Thanks for catching this! I read "symbolic integer constant" and
skipped, but did not realized that
this actually means a symbol or label reference with a constant offset.
I agree that "s" should be preferred.
I have jotted down some notes at
https://maskray.me/blog/2024-01-30-raw-symbol-names-in-inline-assembly

The condition !flag_pic || LEGITIMATE_PIC_OPERAND_P (op) highlights a
key distinction in GCC's handling of symbol references:

Non-PIC code (-fno-pic): The "i" and "s" constraints are freely permitted.
PIC code (-fpie and -fpic): The architecture-specific
LEGITIMATE_PIC_OPERAND_P(X) macro dictates whether these constraints
are allowed.

While the default implementation (gcc/defaults.h) is permissive (used
by MIPS, PowerPC, and RISC-V), many ports impose stricter
restrictions, often disallowing preemptible symbols under PIC.

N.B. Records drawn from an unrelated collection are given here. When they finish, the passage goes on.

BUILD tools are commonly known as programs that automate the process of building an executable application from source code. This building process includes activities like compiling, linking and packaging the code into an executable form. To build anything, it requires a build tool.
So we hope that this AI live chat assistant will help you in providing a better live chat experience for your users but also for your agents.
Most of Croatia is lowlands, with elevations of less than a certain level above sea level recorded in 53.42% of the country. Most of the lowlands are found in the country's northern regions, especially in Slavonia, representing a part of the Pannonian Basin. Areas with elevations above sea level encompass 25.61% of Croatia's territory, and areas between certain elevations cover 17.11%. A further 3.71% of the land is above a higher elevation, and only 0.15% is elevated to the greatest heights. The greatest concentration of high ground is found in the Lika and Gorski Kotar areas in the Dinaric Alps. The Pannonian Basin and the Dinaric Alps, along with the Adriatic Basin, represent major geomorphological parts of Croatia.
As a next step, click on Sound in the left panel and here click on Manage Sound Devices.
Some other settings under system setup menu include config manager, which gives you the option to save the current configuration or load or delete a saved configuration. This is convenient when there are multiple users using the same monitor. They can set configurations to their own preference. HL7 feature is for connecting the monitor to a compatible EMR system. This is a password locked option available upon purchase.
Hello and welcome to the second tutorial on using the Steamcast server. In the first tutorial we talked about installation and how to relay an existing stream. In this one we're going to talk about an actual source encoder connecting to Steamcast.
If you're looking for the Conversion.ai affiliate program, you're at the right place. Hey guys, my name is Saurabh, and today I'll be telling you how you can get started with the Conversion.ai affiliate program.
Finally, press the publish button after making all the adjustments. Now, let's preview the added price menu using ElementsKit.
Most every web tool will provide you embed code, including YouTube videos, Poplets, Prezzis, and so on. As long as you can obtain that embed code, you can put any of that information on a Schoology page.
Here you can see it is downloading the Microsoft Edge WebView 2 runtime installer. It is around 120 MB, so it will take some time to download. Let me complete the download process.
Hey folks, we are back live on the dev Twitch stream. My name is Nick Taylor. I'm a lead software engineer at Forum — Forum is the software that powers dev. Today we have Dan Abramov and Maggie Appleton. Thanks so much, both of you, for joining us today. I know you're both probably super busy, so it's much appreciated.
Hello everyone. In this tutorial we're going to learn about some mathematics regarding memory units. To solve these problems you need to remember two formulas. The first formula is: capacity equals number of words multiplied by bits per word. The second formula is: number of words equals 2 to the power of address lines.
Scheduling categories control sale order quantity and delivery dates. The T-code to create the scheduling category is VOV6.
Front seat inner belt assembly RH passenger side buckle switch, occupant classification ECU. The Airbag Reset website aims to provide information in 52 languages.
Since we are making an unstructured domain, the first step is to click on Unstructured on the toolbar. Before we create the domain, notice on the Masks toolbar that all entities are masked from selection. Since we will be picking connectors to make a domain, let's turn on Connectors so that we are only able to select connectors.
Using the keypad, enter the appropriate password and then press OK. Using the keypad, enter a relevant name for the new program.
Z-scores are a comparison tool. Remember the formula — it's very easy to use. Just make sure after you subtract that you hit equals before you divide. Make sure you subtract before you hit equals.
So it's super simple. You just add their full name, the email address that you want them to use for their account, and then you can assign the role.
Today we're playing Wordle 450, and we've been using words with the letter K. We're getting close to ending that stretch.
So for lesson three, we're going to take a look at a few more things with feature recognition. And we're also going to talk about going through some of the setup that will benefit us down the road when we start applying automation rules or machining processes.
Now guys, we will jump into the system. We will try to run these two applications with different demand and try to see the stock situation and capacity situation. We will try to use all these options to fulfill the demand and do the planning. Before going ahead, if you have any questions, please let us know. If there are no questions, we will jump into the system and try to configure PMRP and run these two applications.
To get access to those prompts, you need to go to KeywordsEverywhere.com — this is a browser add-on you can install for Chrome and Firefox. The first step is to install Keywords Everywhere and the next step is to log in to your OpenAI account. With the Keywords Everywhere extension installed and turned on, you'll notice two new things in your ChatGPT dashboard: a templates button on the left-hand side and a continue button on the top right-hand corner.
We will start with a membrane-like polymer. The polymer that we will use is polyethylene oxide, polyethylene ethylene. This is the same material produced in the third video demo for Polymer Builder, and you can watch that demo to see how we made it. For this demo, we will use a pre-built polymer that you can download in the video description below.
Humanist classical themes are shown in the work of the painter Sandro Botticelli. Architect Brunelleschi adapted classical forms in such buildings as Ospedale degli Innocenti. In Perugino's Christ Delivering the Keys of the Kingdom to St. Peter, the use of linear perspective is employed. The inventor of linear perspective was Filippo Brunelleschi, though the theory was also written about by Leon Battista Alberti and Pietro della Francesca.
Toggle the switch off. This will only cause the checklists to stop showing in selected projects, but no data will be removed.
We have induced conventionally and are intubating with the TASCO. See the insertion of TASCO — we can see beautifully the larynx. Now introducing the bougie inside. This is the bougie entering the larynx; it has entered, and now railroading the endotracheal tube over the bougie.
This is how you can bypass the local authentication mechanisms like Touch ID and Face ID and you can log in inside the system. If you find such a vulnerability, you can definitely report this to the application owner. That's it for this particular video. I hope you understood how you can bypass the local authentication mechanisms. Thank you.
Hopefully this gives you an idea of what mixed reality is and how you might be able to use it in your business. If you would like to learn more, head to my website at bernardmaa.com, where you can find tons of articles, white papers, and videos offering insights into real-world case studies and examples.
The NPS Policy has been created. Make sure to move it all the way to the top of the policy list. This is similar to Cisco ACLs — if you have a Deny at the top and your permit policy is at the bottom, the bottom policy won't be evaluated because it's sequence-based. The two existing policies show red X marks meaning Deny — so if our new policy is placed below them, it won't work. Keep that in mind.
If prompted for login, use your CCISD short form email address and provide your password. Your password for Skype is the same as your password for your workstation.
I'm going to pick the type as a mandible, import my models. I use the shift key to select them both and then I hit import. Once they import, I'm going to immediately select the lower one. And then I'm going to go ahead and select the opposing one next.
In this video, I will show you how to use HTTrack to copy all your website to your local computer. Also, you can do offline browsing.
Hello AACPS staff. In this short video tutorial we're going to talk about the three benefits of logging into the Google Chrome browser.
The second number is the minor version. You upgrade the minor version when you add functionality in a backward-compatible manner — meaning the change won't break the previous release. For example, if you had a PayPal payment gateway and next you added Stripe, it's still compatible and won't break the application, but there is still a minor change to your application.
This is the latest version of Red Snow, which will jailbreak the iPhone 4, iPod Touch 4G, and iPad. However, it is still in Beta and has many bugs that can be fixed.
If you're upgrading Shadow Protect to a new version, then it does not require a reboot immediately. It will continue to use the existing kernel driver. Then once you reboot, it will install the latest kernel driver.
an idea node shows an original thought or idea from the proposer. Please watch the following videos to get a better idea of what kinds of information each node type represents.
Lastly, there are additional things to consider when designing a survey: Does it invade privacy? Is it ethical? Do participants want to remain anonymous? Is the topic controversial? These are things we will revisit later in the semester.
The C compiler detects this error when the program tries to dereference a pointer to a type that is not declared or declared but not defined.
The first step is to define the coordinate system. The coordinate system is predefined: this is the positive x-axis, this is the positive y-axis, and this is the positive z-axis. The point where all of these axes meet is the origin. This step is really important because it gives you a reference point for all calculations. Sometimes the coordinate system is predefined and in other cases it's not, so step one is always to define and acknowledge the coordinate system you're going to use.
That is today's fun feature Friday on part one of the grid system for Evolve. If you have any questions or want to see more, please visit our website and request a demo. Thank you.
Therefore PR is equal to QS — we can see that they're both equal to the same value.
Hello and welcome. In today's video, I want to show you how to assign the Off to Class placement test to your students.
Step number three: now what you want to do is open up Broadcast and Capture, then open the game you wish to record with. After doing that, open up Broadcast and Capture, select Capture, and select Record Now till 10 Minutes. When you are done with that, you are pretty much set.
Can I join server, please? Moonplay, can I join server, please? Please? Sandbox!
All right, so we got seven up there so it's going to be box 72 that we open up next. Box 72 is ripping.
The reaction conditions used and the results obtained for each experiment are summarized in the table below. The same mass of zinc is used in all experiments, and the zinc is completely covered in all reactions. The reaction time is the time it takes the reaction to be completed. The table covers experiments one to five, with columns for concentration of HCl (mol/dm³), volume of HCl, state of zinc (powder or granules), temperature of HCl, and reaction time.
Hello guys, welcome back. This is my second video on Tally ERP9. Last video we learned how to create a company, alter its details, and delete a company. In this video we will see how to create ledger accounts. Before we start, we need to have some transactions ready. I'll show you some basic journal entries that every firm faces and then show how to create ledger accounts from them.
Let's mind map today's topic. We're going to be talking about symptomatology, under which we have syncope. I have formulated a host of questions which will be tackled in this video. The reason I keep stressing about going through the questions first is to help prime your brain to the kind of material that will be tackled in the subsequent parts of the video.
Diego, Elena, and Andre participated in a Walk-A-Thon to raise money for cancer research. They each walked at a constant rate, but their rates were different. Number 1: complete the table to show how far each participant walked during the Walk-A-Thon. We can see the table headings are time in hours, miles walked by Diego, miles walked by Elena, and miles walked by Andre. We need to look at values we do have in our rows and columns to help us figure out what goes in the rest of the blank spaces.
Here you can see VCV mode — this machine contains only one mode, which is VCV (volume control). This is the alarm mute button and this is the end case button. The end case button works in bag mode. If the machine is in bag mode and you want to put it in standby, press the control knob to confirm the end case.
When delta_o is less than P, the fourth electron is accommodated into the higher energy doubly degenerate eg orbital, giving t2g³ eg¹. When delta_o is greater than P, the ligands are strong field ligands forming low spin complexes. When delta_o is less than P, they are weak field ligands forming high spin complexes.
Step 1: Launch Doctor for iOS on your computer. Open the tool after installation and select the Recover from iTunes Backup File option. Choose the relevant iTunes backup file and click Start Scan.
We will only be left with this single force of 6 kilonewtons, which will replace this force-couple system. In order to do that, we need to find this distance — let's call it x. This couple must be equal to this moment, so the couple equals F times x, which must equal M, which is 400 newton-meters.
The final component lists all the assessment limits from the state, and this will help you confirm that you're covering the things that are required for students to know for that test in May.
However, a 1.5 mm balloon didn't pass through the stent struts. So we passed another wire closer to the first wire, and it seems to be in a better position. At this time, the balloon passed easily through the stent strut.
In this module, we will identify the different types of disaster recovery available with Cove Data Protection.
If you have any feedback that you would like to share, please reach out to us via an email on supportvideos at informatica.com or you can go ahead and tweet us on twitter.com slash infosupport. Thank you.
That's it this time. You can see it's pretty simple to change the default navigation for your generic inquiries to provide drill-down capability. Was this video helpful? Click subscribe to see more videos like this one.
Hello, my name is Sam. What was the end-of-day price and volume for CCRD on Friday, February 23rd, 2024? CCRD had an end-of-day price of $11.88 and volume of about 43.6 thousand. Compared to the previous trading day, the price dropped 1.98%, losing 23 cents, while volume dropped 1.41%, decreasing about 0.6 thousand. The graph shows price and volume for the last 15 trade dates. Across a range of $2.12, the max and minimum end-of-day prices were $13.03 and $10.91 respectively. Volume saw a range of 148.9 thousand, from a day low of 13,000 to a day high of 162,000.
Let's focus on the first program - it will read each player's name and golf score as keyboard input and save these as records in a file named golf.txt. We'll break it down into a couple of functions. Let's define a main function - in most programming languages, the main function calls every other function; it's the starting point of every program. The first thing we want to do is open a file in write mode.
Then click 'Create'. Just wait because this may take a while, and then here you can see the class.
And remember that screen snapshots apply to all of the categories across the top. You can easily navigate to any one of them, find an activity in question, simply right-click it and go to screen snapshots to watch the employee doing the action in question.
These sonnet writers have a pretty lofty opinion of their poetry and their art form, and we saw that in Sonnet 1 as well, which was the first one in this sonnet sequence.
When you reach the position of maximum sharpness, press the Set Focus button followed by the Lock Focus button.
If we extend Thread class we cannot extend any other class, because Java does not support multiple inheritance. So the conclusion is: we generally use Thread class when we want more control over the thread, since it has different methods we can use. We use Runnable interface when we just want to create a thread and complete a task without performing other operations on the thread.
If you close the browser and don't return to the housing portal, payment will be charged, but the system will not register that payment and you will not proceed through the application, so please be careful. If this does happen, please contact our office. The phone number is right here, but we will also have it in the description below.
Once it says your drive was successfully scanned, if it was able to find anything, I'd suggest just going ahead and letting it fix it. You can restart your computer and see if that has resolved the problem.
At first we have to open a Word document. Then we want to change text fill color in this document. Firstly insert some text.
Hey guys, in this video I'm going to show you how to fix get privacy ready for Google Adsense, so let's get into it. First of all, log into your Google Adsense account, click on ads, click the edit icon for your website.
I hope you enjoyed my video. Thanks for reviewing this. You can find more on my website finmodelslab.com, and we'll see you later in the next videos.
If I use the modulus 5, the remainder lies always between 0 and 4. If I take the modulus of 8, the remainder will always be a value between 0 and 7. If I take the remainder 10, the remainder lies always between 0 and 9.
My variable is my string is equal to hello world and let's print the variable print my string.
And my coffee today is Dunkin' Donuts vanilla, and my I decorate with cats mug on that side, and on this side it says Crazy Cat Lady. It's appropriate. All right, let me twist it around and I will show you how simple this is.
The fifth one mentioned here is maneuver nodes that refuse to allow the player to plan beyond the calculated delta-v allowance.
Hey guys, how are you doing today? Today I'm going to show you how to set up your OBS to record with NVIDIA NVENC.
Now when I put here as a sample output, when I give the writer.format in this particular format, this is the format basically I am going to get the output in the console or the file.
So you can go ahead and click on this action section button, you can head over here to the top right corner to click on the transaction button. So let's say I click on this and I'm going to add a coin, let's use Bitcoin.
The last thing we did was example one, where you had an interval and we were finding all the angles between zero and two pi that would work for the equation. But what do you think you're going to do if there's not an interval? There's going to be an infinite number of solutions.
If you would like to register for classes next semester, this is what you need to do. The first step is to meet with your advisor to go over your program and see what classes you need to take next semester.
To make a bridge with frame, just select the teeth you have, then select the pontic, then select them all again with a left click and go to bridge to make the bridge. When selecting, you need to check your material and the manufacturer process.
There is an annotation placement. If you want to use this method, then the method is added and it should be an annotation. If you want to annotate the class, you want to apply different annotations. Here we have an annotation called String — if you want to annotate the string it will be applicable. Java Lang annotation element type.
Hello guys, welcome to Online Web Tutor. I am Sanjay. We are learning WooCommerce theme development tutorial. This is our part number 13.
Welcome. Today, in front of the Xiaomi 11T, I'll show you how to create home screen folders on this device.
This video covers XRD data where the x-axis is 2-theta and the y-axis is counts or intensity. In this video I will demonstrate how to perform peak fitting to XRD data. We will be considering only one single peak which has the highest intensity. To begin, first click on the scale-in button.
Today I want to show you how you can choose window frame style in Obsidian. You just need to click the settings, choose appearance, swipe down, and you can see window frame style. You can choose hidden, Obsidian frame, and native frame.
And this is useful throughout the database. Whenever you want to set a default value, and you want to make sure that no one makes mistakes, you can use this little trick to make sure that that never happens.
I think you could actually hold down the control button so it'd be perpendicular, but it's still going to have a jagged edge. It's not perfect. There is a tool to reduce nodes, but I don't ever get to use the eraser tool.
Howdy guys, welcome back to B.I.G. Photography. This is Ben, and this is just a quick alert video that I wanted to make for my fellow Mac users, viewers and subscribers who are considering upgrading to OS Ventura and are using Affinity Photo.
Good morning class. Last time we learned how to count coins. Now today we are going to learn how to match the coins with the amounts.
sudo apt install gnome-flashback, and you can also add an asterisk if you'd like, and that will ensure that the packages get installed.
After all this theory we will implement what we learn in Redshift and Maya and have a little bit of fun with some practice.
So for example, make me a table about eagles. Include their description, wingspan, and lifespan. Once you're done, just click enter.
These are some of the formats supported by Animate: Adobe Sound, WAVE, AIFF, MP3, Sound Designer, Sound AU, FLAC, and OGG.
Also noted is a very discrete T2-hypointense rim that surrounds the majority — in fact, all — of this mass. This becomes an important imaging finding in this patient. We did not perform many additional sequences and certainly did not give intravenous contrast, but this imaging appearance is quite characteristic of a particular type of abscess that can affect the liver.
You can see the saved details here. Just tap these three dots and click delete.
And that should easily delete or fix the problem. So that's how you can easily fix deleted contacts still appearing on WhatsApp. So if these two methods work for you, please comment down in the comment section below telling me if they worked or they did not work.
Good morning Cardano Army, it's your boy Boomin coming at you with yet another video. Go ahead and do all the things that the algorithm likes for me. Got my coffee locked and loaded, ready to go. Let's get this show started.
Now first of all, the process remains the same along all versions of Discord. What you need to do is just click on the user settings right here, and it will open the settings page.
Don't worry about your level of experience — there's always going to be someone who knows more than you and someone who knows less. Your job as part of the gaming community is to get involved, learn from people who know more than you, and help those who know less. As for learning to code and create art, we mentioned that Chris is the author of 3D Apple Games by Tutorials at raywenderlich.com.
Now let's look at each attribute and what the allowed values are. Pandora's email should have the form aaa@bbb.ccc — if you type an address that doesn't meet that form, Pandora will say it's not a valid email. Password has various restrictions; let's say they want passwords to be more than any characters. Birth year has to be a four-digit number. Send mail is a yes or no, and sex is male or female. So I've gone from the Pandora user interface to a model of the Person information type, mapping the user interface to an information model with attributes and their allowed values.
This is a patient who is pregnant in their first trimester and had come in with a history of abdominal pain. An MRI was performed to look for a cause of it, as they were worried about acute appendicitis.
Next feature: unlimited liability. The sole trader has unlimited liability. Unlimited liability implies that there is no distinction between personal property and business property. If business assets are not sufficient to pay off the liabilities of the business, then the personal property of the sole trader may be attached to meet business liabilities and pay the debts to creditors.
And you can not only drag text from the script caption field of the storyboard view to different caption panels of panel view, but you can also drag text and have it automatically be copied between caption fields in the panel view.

This differentiation probably stems from historical and architectural
considerations:

Non-PIC code: Absolute addresses could be directly embedded in
instructions like an immediate integer operand.
PIC code with dynamic linking: The need for GOT indirection often
requires an addressing mode different from absolute addressing and
more than one instructions.

Nevertheless, I think this symbol preemptibility limitation for "s" is
unfortunate. Ideally, we could retain the current "i" for immediate
integer operand (after linking), and design "s" for a raw symbol name
with a constant offset, ignoring symbol preemptibility. This
architecture-agnostic "s" would simplify metadata section utilization
and boost code portability.


> The only difference is it also allows high, which is something like
> %hi(sym), but I think it's harmless in the use case.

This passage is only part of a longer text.